James Bennet wrote about these issues in great detail in his excellent post, Let’s talk about usernames. He describes the types of validation performed in his django-registration application.

Integrating with Amazon Cognito

Okay, so now that you know a little bit more about this issue, how do I handle this with Amazon Cognito?

Well, I’m in luck, because Amazon Cognito lets me customize much of my authentication workflow with AWS Lambda triggers.

To add username or email validation, I can implement a pre-sign-up Lambda trigger, which lets me perform custom validation and accept or deny the registration request.

It’s important to note that I can’t modify the request. To perform any kind of case or name standardization (for example, forcing lower case), I have to do that on the client. I can only validate that it was done in my Lambda function. It would be handy if this was something available in the future.

To declare a sign-up as invalid, all I have to do is return an error from the Lambda function. In Python, this is as simple as raising an exception. If my validation passes, I just return the event, which already includes the fields that I need for a generic success response. Optionally, I can auto-verify some fields.

To enforce that my frontend is sending usernames standardized as lowercase, all I need is the following code:

def run(event, context):
  user = event[‘userName’]
  if not user.isLower():
    raise Exception(“Username must be lowercase”)
  return event

Adding unique constraints and reservations

I’ve extracted the validation checks from django-registration into a Python module named username-validator to make it easier to perform these types of uniqueness checks in Lambda:

pip install username-validator

In addition to detecting confusing homoglyphs, it also includes a standard set of reserved names like “www”, “admin”, “root”, “security”, “robots.txt”, and so on. You can provide your own additions for application-specific reservations, as well as perform individual checks.

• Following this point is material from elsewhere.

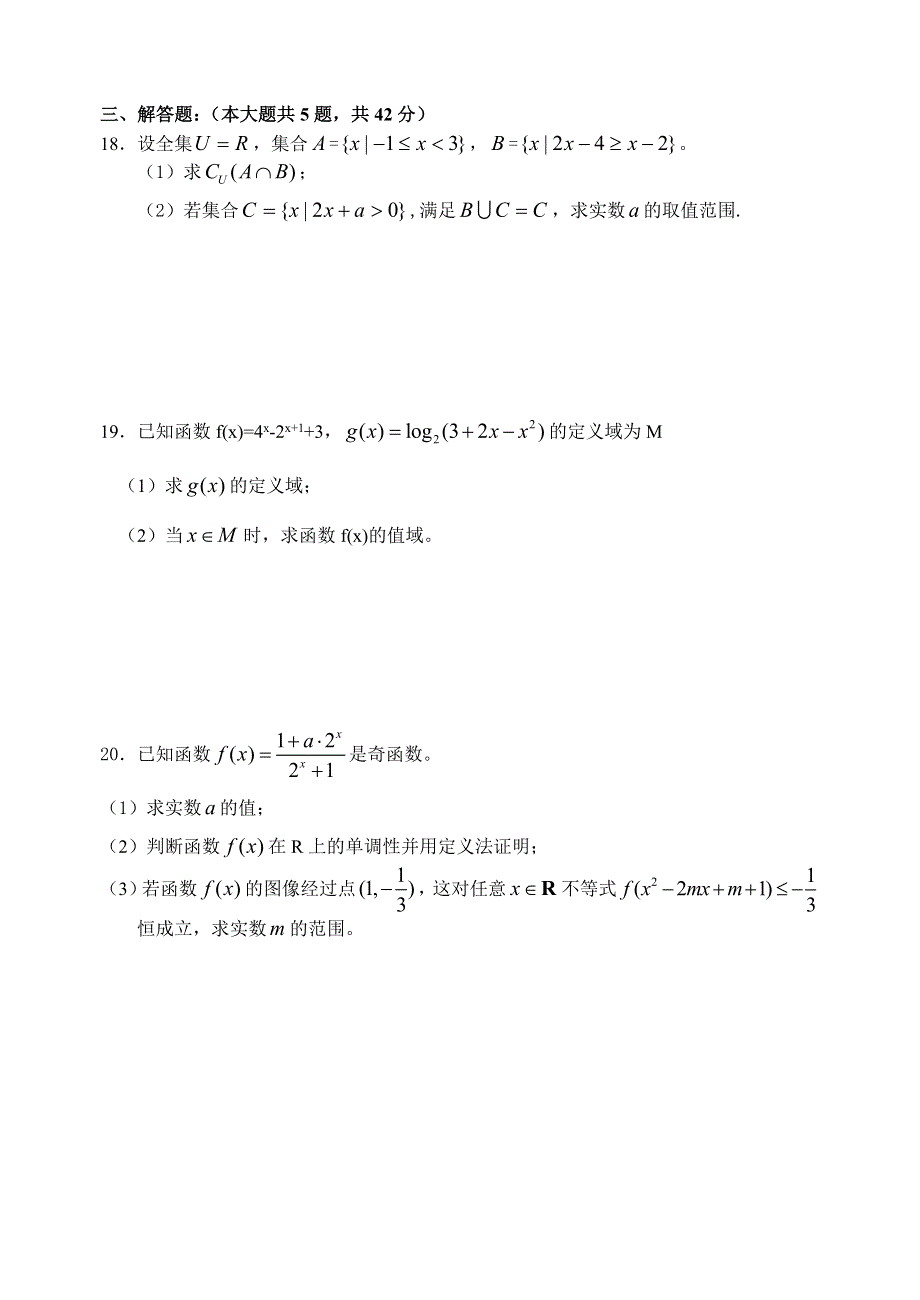 【首发】浙江省诸暨中学11-12学年高一上学期期中试题数学.doc_第3页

To add this additional validation and some custom reservations, I update the function as follows:

from username_validator import UsernameValidator

MY_RESERVED = [
  "larry",
  "aws",
  "reinvent"
]

validator = UsernameValidator(additional_names=MY_RESERVED)

def run(event, context):
  user = event['userName']

  if not user.islower():
    raise Exception("Username must be lowercase")

  validator.validate_all(user)

  return event

Now, if I attach that Lambda function to the Amazon Cognito user pool as a pre–sign-up trigger and try to sign up for “aws”, I get a 400 error. I also get some text that I could include in the signup form: Other attributes, including email (if used) are available under event[‘request’][‘userAttributes’]}. For example:

 "request": 
    "userAttributes": "name": "larry", "email": "larry@example.com" 
  

What’s next?

I can validate other attributes in the same way. Or, I can add other custom validation by adding additional checks and raising an exception, with a custom message if it fails.

In this post, I covered why it’s important to think about identity and uniqueness, and demonstrated how to add additional validations to user signups in Amazon Cognito.

Now you know more about controlling signup validation with a custom Lambda function. I encourage you to check out the other user pool workflow customizations that are possible with Lambda triggers.